Numbi and Whitechapel Gallery have a long history of collaboration; our latest project is a series of online reading groups titled Postcards from the Diaspora, curated by Kinsi and supported by the Paul Hamlyn Foundation. The sessions are facilitated by Black womxn, non-binary, and trans artists and thinkers, and focus on gender, decolonisation and agency. In this conversation, Kinsi discusses the issues that have informed this series, including the systematic erasure of Black identities and the importance of preserving cultural memory for future generations.

Can you tell us what Numbi is about and the kind of work you do?

 It has been said that the shortest distance between two people is a story. We want to find and tell those stories; make those connections visible. At Numbi, one of our sayings is ‘global conversations, locally’. We create spaces for community dialogue to happen, led by social justice, and rooted in women’s voices. Our work is collaborative, involving artists, writers, poets and musicians. We have been based in East London for the past thirty years, working in different community settings. The work that we do is Somali-originated, but it’s important to us that our work is inclusive of African diasporic voices. Our participants inhabit different identities and often their needs are not visible, so it falls to us to articulate those needs and provide that support. Our audiences are very mixed, and the work we create is open to dreamers of all stripes.
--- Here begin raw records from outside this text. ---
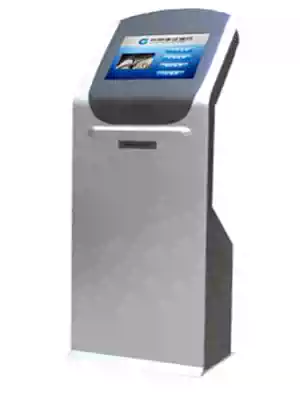 Queuing calling machine system touch screen query touch display infrared screen capacitive screen self-service query All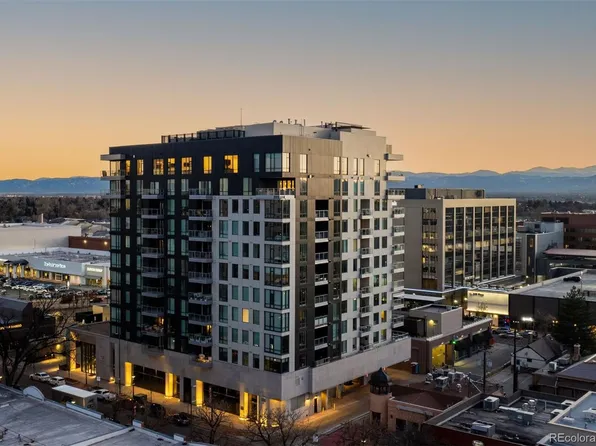 155 Steele Street #414, Denver, CO 80206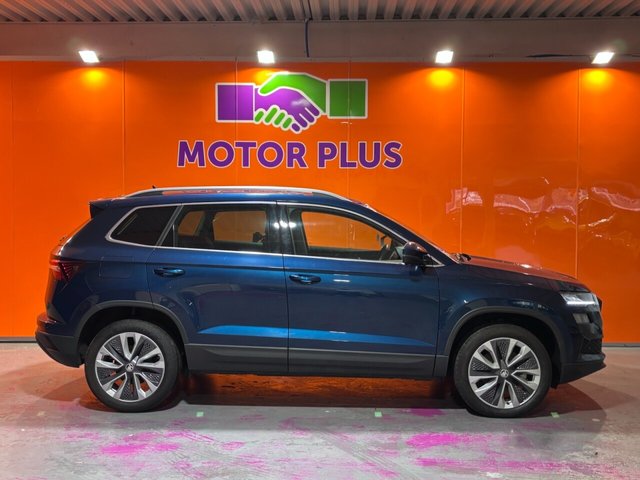 2023 SKODA KAROQ 1.5 TSI ACT SE L SUV 5dr Petrol DSG Euro 6 (s/s) (150 ps) One Owner. 18" Alloys. Sat Nav - Photo 8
Our name is somewhat connected with the Whitechapel. Back in 2005, we put on a film festival with the Gallery and a series of public events. One of the films submitted was called Numbi, about a dance. It was a beautiful film, with a healing aspect. Two days before the festival was scheduled, the London bombings happened. The Gallery sits above Aldgate East station, where one of the bombs went off. It was terrible, you can imagine. But despite this crisis, lots of local people came, and through the collective that was formed through that festival, we decided to move forward together as Numbi.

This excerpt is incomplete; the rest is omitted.